Nesta (Kittycat), basking in sunshine, 21 years
Occasionally I interview the children. I ask questions and share what they say with their parents as a way to help us all understand how children relate to their experiences.
“How do you know your Dad loves you?”
I sat in the rocking chair in the backyard at Starr’s House while Brennyn skipped a circle, hopped over a rock, and smiled broadly before stopping in front of me to reply, “Because he died and now he’s in my heart."
Later, I asked the director of the school, “Did Brennyn’s dad die?” He did. I didn’t know.

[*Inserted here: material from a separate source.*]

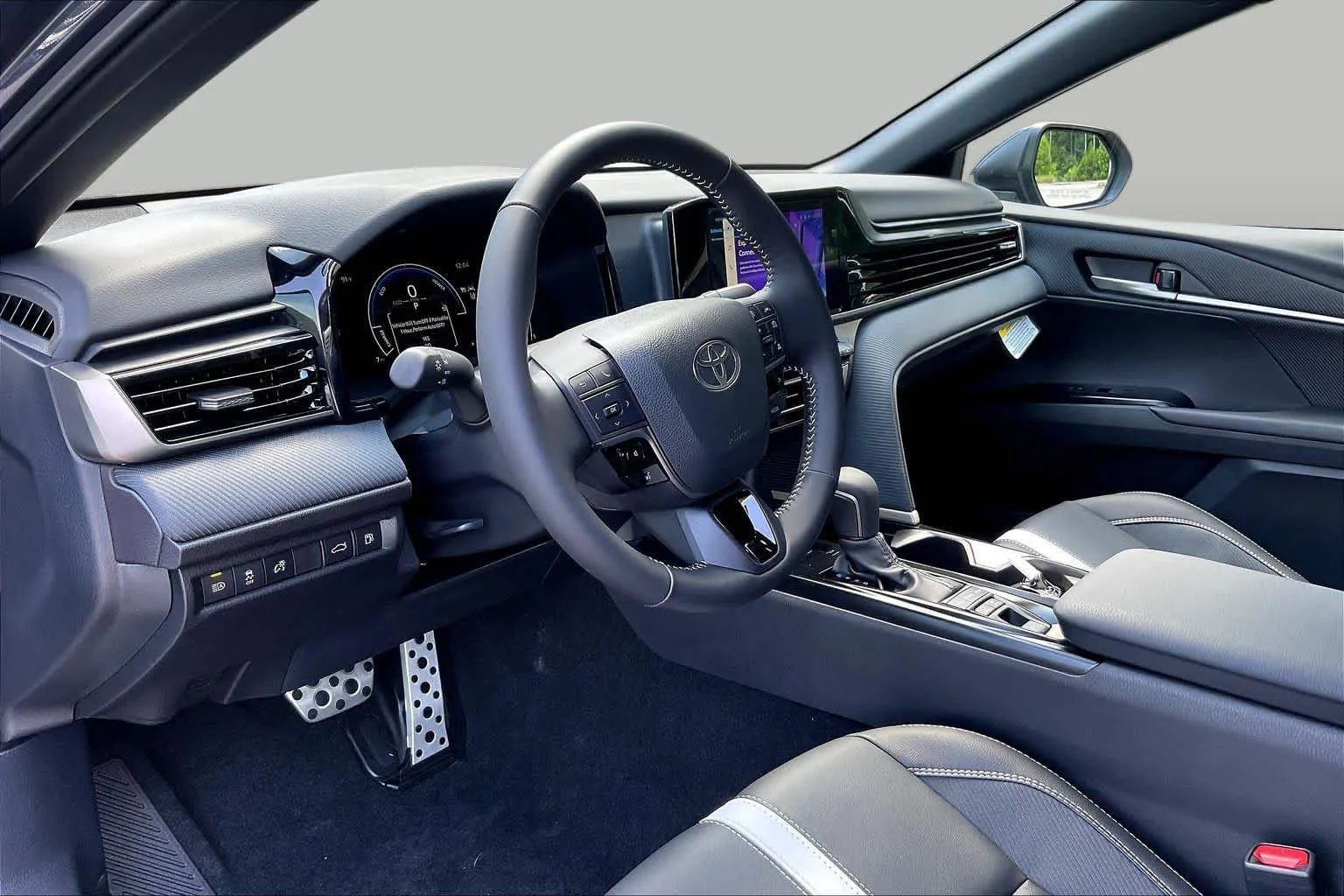 New 2026 Dark Cosmos Toyota SE image 8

Brennyn’s response reminds me of the day Carly, our class gerbil, died. We found her when we arrived for class and placed a polka-dot-patterned doll blanket over her. We told the children what happened and invited them to gather in a circle around her to say goodbye. Carly’s face peeked out from the cover. The children took turns appreciating her.

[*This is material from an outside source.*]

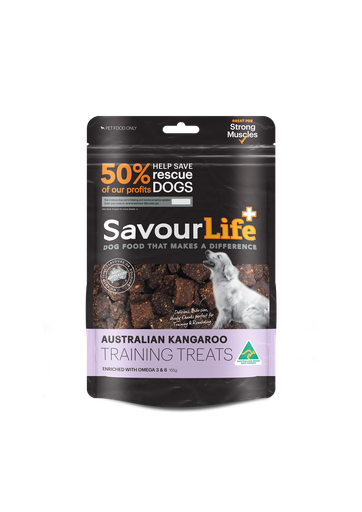 SAVOURLIFE Australian Kangaroo Training Dog Treat 165g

“Carly, you were a nice pet.”
“Tell God hello.”
“I liked watching you exercise.”
Then Tomas threw up. One of us helped Tomas. The other children accepted this and continued.
“I thought you were a hamster, Carly.”
“I’ll always love you.”
“Now you’re in our heart, Carly,” said Maxwell.
I'm thinking of my cat Nesta who passed peacefully today.
Pets provide opportunities to practice loving, letting go, and accepting the cycle of life.
I know what Brennan and Maxwell mean when they say we carry those we love in our hearts. I feel that about my son, who died six years ago, and since that experience, I understand better that I carry all the love I have for others with me.